Reçu hier — 29 décembre 2025

‘A watery gold sunrise lights the turbulent water’: the wild beauty of the Suffolk coast

29 décembre 2025 à 08:00

Coastal erosion may threaten the area around Southwold, but a new ‘movable’ cabin makes a great base for exploring its windswept beaches, remote marshes and welcoming inns

The crumbling cliff edge is just metres away. An automatic blind, which I can operate without getting out of bed, rises to reveal an ocean view: the dramatic storm-surging North Sea with great black-backed gulls circling nearby and a distant ship on the horizon. A watery gold sunrise lights the clouds and turbulent grey water.

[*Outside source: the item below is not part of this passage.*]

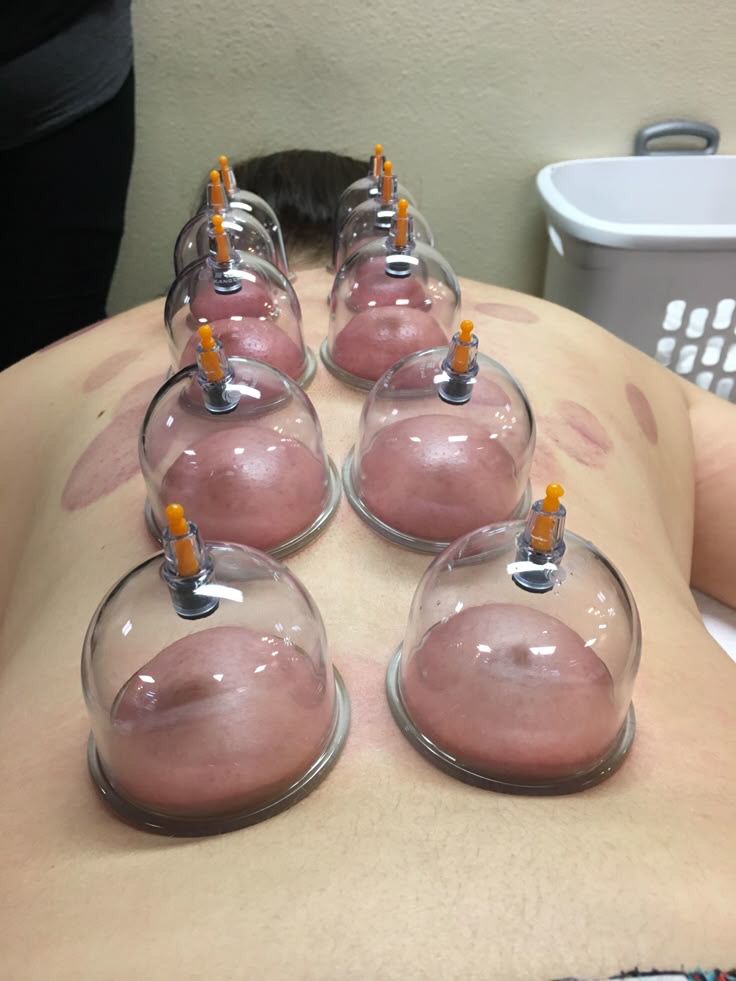 Cupping Therapy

I’m the first person to sleep in the new Kraken lodge at Still Southwold, a former farm in Easton Bavents on the Suffolk coast. It’s a stylish wooden cabin, one of a scattering of holiday lets in an area prone to aggressive coastal erosion. The owner, Anne Jones, describes the challenges of living on a coast that is rapidly receding in the face of climate-exacerbated storms: the waves have eroded more than 40 hectares (100 acres), and the family business “is no longer a viable farm”. Instead, it is home to low-carbon cottages and cabins, “designed to be movable when the land they stand on is lost to the sea”. The latest projects include a sea-view sauna and a ‘dune hut’ on the beach for reflexology treatments “with the sea and waves as the backdrop”.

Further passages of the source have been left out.